Félix despertó de forma brusca, jadeando. Un sudor frío como el hielo le perlaba la frente. Inspiró profundamente varias veces y miró a su alrededor, con el corazón acelerado. Del agujero irregular de la pared, le llegaron la oscilante luz de los faroles y el monótono sonido del pico que golpeaba la roca. En torno a él, los enanos estaban dormidos en sus lechos, y roncaban como sapos que croaran.

Los miró con repentina aversión. Los humanos que nunca habían conocido a un enano a menudo pensaban en ellos como una raza de hombres bajitos; sin embargo, tras haber pasado tantos años con Gotrek, Félix estaba mejor informado. No eran hombres. Ni siquiera eran primos de los hombres. Eran otra especie, una raza extraña de animales cavadores y de miras estrechas, con el instinto acaparador de las ratas gregarias y la testaruda intransigencia de las mulas. Miró fijamente a Thorgig, que roncaba a su lado. ¿Cómo era posible que alguna vez hubiera pensado en esos monstruos como personas? «
Míralos, con esas caras planas y peludas, esas manazas toscas, la piel áspera con textura de arcilla, las gordas narices bulbosas, más bien parecidas a hocicos de cerdo.
»

Era extraño que nunca antes hubiese reparado en ello, pero de repente no podía soportar mirarlos, a ninguno de los que estaban allí. Le causaban repugnancia. Cada aspecto de los enanos le resultaba nauseabundo, ¡lo que empeoraba aún más por el hecho de que, a diferencia de los skavens, los orcos y otros monstruos, a veces los enanos habían logrado engañar a los hombres para que los aceptaran como iguales, incluso como superiores! ¡No! Era algo que no debía permitirse. Eran viles topos atrofiados que cavaban el suelo, comían tierra y excretaban oro, que sacrificaban al pueblo de Félix en honor de sus dioses demonios de piedra, arrasaban las ciudades de los humanos cuando las encontraban, y a él lo obligaban a esa larga hibernación.

Se estremeció. Ya no podía tolerar la presencia de esos seres. Su hedor le provocaba náuseas. No podía permitir que vivieran. Si la voluntad de los enanos no podía ser sometida, había que destruirlos. Se interponían en el camino de su legítima dominación del mundo. Desenvainó la daga y se puso de pie, con los ojos posados sobre Thorgig. El estúpido animal no sabía que tenía la muerte encima.
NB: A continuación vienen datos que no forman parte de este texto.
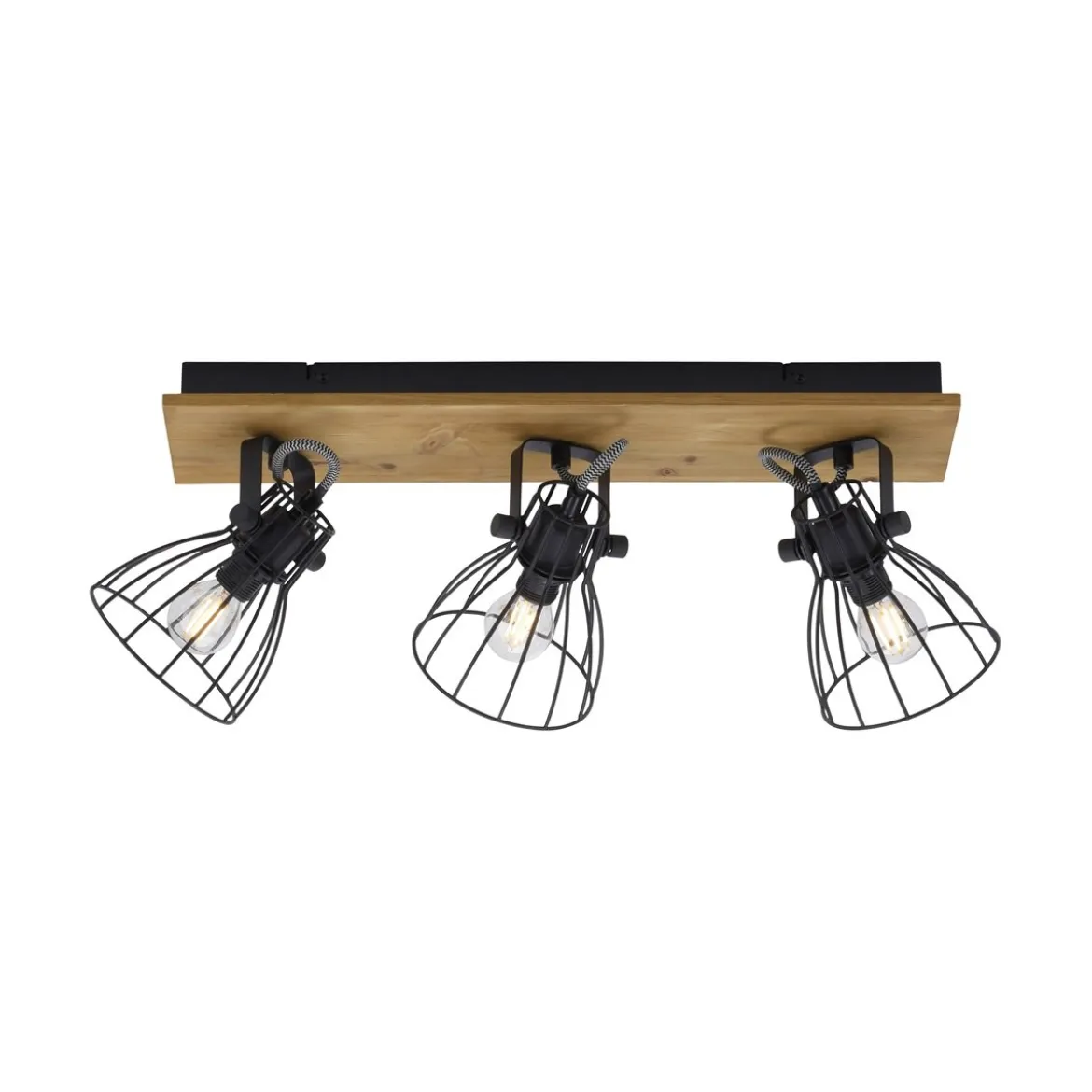JUST LIGHT 15119-18 TARO Deckenleuchte 3-flammig schwarz Naturholz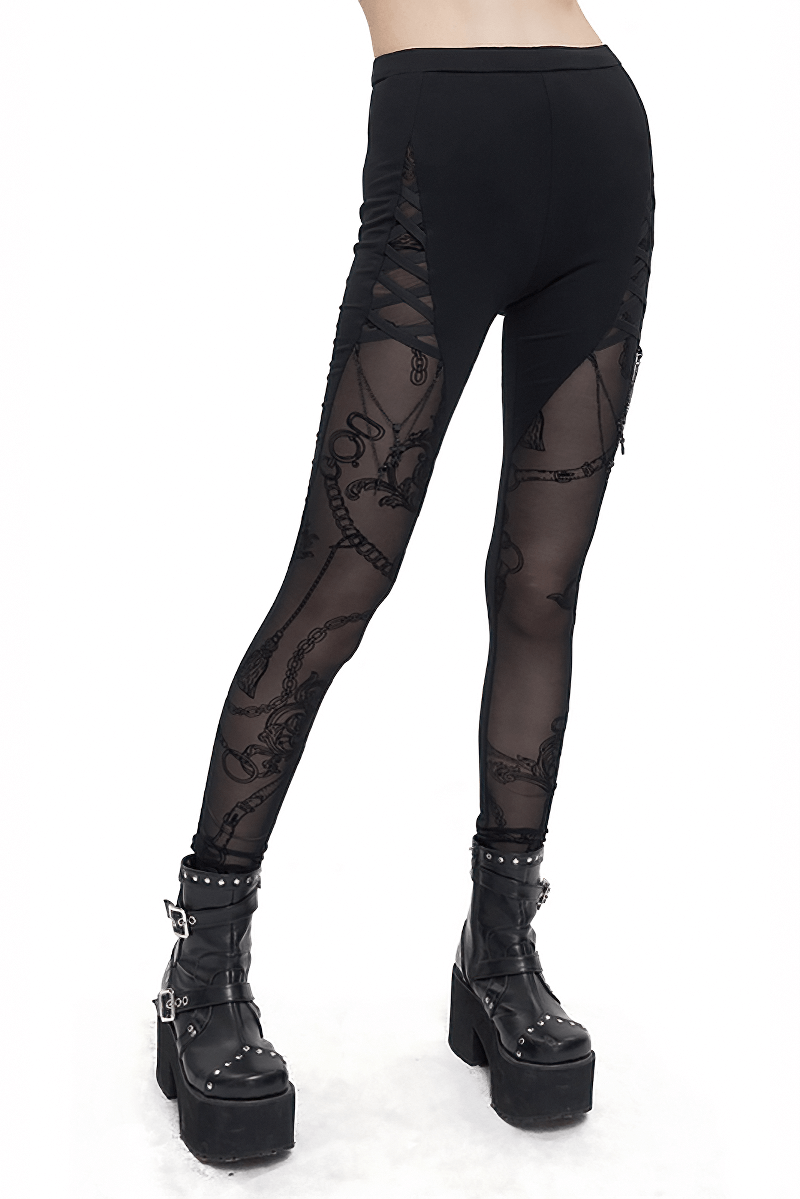 Gothic patterned semi-transparent leggings with cross pendants, stylish black skinny pants for women.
Félix se inclinó y tapó la boca del enano mientras le clavaba la hoja del arma en la arteria de la parte inferior de la mandíbula, difícil de encontrar bajo el maldito pelaje de la bestia.

El enano luchó brevemente, pero luego quedó inerte. Félix miró a su alrededor. Ninguno de los otros había despertado. Bien. Félix avanzó hasta Narin, que yacía acurrucado sobre un costado. También a él le tapó la boca, y clavó la daga por debajo de la oreja del enano rubio. Se estremeció y luchó, pero sólo por un segundo.